▶ [ASSIGNMENT]
For the entries below, say how many lines include the word "will" and add nothing else.

▶ [DATA EXTRACT]
--- START ---

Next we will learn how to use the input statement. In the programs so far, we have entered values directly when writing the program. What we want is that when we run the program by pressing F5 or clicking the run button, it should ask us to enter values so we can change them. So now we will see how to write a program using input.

--- END ---
--- START ---

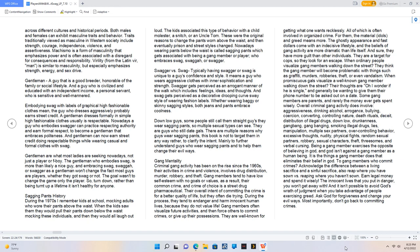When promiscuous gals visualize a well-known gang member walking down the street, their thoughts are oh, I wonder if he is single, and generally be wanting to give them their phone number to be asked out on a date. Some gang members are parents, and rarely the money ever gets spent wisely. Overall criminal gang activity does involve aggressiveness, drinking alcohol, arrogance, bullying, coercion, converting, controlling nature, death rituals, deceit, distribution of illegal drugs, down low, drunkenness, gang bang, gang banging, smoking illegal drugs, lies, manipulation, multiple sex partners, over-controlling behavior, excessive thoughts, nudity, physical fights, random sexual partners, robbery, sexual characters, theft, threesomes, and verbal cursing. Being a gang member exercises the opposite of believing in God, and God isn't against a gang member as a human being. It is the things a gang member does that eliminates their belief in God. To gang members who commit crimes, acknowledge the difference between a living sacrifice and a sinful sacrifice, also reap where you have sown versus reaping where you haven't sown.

--- END ---
--- START ---

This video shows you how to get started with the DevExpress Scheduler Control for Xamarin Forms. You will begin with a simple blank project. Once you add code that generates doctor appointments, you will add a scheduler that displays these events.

--- END ---

▶ [RESULT FOR THIS EXERCISE]
2